Trade Tensions: Why Shinzo Abe Has a Critical Role to Play
More than ever, the world needs Japan, the third-largest global economy, to help reinvigorate the faltering trade system.
Relations between Seoul and Tokyo have reached a new low, adding new cracks to the postwar international order at just the wrong time. The immediate background of the latest spat was the South Korean Supreme Court’s 2018 decision to uphold a lower court’s ruling ordering a Japanese firm to compensate four Korean citizens who served as forced laborers during Japan’s colonial occupation. The Japanese government argues that a 1965 Normalization Treaty signed between the two countries precludes such litigation. As tensions surrounding the lawsuit escalated, the administration of Prime Minister Shinzo Abe imposed new regulations that will slow the approval time for the import of three chemicals vital to South Korea’s semiconductor firms, a move that could inflict serious harm on one of Korea’s biggest industries. The South Korean government then filed a complaint at the World Trade Organization. The Abe administration has hinted at additional trade restrictions, while the administration of South Korean president Moon Jae-in mulls its options.
The Japanese government has good reason to be frustrated with Seoul. The South Korean government has resisted Tokyo’s proposal to deal with the matter of forced labor through arbitration consistent with the 1965 agreement and also reneged on a December 2015 deal with Japan to settle the sensitive issue of compensation for Korean women coerced into sexual servitude, known euphemistically as “Comfort Women.”
But using strong-arm economic tactics can only backfire on Tokyo. By resorting to the trade measures that one might expect from President Donald Trump or Chinese president Xi Jinping, the Abe administration is on the verge of committing an own-goal by diminishing Japan’s well-earned credibility, undermining its own foreign policy, and creating precedents that will weaken the already teetering global trading system that is so vital to Japan’s own interests. In fact, despite its ostensibly nationalist orientation, the Abe administration has fully embraced the idea of a “rules-based order” as an organizing principle behind its foreign policy.
Already, Abe’s export controls have invited criticism from observers, who note that the measures may violate World Trade Organization’s (WTO) rules.

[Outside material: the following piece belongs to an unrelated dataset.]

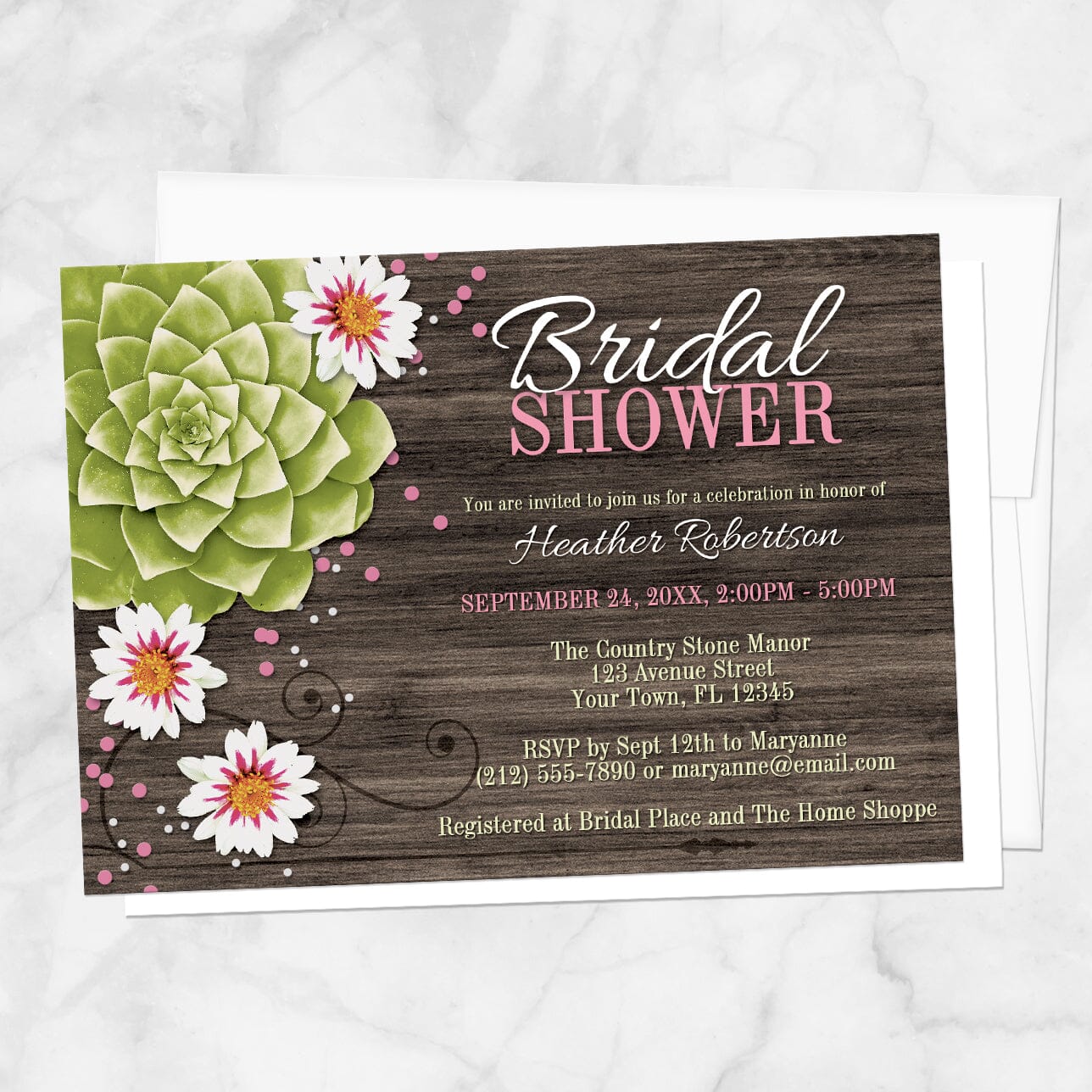 Rustic bridal shower invitation with a green succulent, white flowers, and pink and white confetti dots over a brown wood background, displayed with a white envelope on a marble surface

Japan has been a tremendous beneficiary of and a consistent advocate for multilateralism in trade and other matters. The WTO has provided Japan with a shield against more powerful countries, first the United States, and over time, China. When China retaliated against Japan over a territorial dispute by imposing restrictions on rare earth metals vital to Japan’s electronics industries in 2010, Japan along with the European Union and the United States challenged the export ban at the WTO and secured a favorable ruling.

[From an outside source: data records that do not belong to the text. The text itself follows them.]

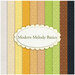 A collage of tonal fabrics included in the Modern Melody Basics FQ Set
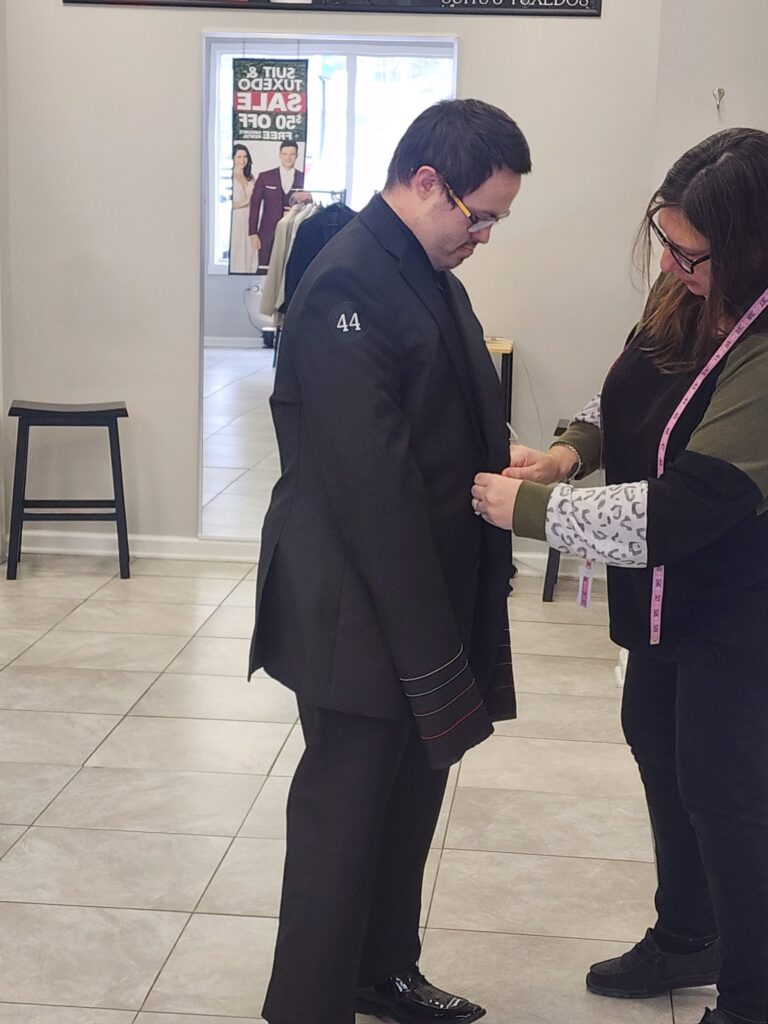 A man wearing a black suit is being fitted by a woman with a measuring tape in a clothing store. The man stands still while the woman adjusts his jacket. Mannequins and sale signs are visible in the background.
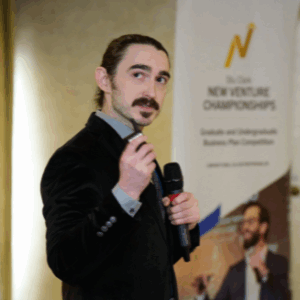 Joshua Upshaw speaking while holding a microphone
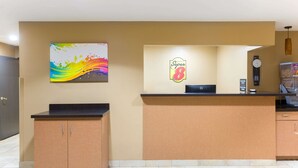 A reception area with a counter, a clock, and a colorful abstract painting on the wall. - Super 8 by Wyndham Radcliff Ft. Knox Area (Radcliff)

In the age of Trump, Japan has emerged as a vocal champion and stabilizing force of the global order even as the United States has turned against it. After Washington withdrew from the Trans-Pacific Partnership (TPP)—a twelve-country trade agreement spanning the Pacific—Japan helped revive negotiations and bring to fruition a new deal that excluded the United States: The Comprehensive and Progressive Agreement for Trans-Pacific Partnership (CPTPP). Japan also inked a trade and investment deal with the European Union (EU) that took effect this year, sending a strong signal to the world that both the EU and Japan remained committed to economic openness. Currently, Japan is playing a critical leadership role in much-needed multilateral talks to update the WTO. And at the end of June, Japan chaired the G-20 Summit in Osaka, during which participating states affirmed the importance of open markets and "a free, fair, nondiscriminatory" trade and investment environment.

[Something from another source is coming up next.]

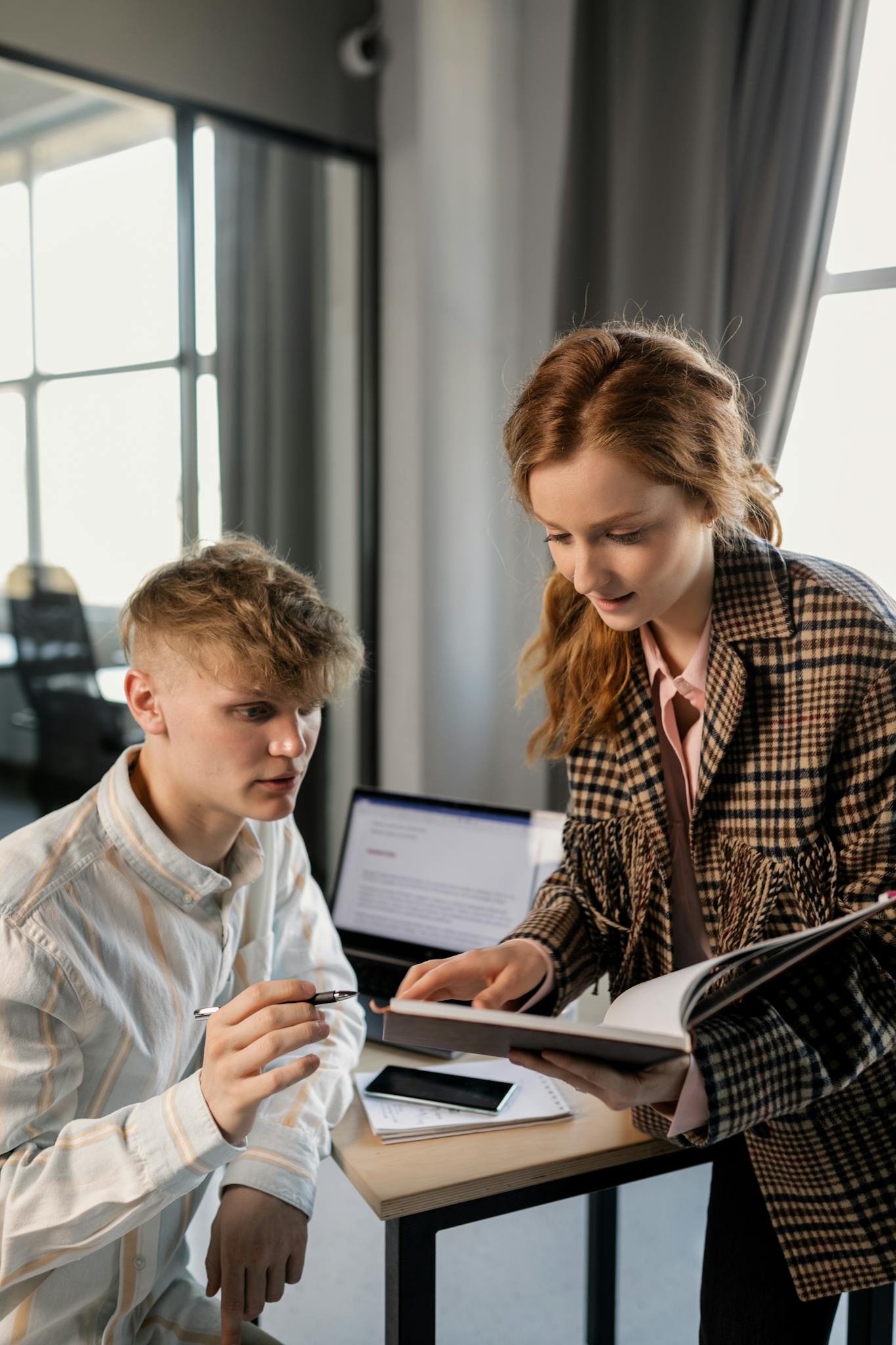 Two young professionals discussing work at a modern office desk.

All of this makes the Abe administration’s actions so surprising, and troubling. Not only did the Abe administration announce the export controls immediately after hosting the G-20, it resorted to unilateral action, used trade as a lever to retaliate over other issues, invoked questionable security concerns, and likely violated international trade law.
There is plenty of blame to go around for the sorry state of Japan-South Korean relations. While the recent round of recriminations has been particularly acrimonious, historical grievances have bedeviled Japan-South Korean relations for many decades. This has frustrated U.S. officials, too, as they have sought to strengthen ties between the countries to provide a united front to check the worst impulses of North Korea and counter the influence of China. While quarrelling between Tokyo and Seoul may serve the interests of Pyongyang and Beijing, they do little to advance the cause of liberalism in East Asia and beyond. Larger grievances rooted in history won’t be settled easily or quickly, but given the rapidly rising stakes, it is now time to put a floor on the downward spiral.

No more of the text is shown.